The present invention relates to a turbine for use in a power plant using hydrogen and oxygen as the fuel. More specifically, the present invention relates to a closed loop steam cooled turbine in which steam, generated by the combustion of hydrogen and oxygen, is expanded for power generation.
A gas turbine is typically comprised of a compressor section that produces compressed air, a combustion section that transforms the compressed air into a hot, compressed gas, and a turbine section that expands the hot, compressed gas. In the combustion section, a hydrocarbon fuel, such as distillate oil or natural gas, is mixed with and burned in the compressed air in one or more combustors. Unfortunately, such combustion results in the formation of oxides of nitrogen ("NOx"), considered an atmospheric pollutant.
Combusting hydrogen in pure oxygen would eliminate all NOx formation.
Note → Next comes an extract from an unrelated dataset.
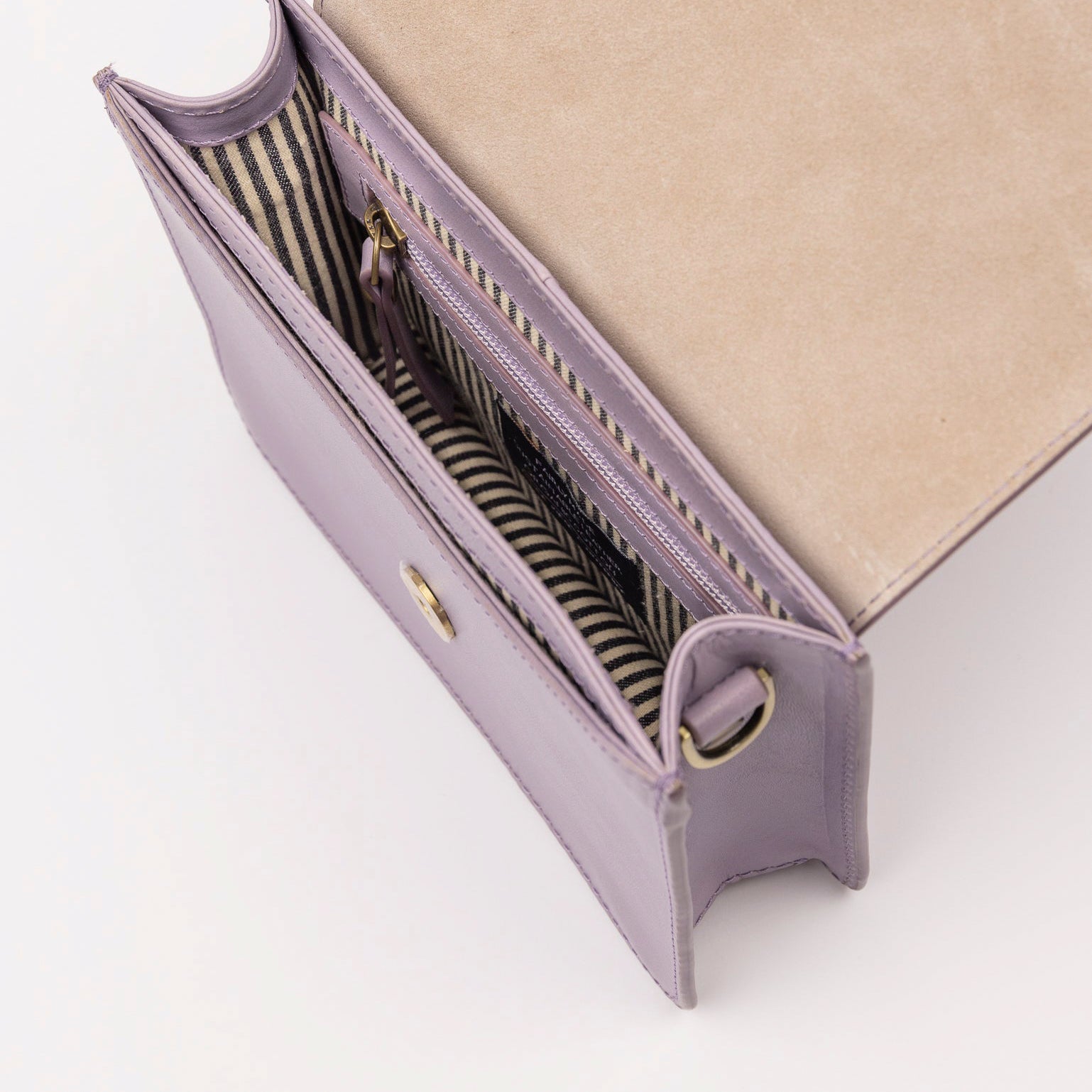 Audrey Mini Tasche - Leder Lavendel mit 2 Straps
Combustors for rocket engines have traditionally operated by combusting liquid hydrogen in liquid oxygen. However, power turbines must operate for extended periods of time without deterioration. Consequently, the problems of cooling the combustor in a gas turbine presents challenges not present in rocket combustors. This problem is exacerbated if, for reasons of economy and ease of handling and supply, compressed oxygen gas, rather than liquid oxygen, is used. Typically, rocket combustors rely on the low temperature of liquid oxygen for cooling.
Cooling of the turbine section would also be a problem in a hydrogen/oxygen fueled power plant, especially since it is desirable to operate the turbine with inlet temperatures as high as 900 to 1600.degree. C. in order to achieve optimum power output. The air cooling traditionally used in combustion turbines negatively impacts the efficiency of the power plant.
It is, therefore, desirable to provide a system for cooling the vanes and blades of a turbine expanding steam generated by the combustion of hydrogen and oxygen.